Training Camp Primer: Recapping & Grading the Blackhawks’ Offseason


In contrast to the 2010 off-season, the summer of 2011 was a relatively quiet one for the Chicago Blackhawks. Sure, there were still trades that took place and signings galore, but the attachment that fans felt to the players who had so recently won the Stanley Cup made it more difficult to see guys like Andrew Ladd and Dustin Byfuglien go to other places.

With more fans tuning in to see what the Blackhawks are up to as they prepare for the regular season, which is only 18 days away, The Sports Bank is here to give you a quick and dirty recap of all the moves that the Blackhawks have made since Alex Burrows swiped the puck from Chris Campoli and scored the series winner that sent Chicago home.

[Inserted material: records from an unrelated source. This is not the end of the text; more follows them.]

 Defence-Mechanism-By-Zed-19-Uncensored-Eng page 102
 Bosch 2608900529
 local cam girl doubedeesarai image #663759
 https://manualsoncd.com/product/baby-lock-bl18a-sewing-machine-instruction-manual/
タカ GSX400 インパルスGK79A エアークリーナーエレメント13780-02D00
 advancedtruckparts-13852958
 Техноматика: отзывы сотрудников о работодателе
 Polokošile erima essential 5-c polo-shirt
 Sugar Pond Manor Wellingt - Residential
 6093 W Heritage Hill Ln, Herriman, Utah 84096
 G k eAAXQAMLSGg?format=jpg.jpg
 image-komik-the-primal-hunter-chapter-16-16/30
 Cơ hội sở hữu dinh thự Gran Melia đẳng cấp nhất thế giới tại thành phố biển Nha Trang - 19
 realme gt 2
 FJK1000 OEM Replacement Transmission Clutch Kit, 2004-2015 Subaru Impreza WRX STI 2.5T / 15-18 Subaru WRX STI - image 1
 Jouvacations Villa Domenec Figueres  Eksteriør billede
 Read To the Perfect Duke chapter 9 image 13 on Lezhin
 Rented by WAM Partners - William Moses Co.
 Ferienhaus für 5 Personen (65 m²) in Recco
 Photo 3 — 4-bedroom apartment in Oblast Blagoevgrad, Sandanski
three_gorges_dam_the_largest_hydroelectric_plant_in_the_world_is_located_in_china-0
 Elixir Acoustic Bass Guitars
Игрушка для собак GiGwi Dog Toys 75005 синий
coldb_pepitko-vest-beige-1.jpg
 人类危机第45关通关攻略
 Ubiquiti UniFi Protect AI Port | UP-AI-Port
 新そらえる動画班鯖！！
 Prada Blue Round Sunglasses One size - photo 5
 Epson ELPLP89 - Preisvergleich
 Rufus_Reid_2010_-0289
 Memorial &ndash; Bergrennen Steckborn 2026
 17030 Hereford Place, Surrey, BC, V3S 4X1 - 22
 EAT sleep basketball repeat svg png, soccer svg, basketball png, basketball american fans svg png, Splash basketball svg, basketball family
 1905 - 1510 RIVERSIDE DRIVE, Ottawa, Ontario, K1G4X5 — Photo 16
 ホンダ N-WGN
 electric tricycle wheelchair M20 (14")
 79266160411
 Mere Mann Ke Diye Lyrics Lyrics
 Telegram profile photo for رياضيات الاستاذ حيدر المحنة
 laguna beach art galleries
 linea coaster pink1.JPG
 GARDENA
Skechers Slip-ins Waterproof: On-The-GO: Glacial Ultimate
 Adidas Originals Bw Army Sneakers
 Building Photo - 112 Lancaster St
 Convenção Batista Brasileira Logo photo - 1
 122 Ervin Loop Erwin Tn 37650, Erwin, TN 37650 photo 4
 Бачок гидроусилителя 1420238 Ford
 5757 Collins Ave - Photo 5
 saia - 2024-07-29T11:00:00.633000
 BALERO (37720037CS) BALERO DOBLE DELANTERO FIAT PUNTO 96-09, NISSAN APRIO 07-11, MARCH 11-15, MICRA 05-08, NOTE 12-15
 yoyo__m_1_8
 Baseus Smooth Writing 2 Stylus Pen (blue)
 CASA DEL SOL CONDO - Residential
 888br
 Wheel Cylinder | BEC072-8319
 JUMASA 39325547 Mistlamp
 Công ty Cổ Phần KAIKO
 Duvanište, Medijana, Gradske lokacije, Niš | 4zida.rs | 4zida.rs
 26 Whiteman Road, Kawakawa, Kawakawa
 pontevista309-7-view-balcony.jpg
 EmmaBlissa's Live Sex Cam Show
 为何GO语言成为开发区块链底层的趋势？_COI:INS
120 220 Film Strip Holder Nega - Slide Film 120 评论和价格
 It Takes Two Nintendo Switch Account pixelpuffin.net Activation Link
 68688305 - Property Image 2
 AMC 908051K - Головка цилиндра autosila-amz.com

May 19th, 2011: Corey Crawford Signs Three Year Contract

One of the biggest surprises of the entire 2010-11 season was the ironclad grip that Corey Crawford put on the Blackhawks’ crease this season. Marty Turco was brought in to replace Antti Niemi before the season, and Crawford had never shown the ability to rise above a solid AHL option in net, but it ended up being Corey that led the team through a rough season into the playoffs. He looked especially at ease during the post-season, and the team rewarded him with a three year contract that will pay him an average of $2.6 million a season.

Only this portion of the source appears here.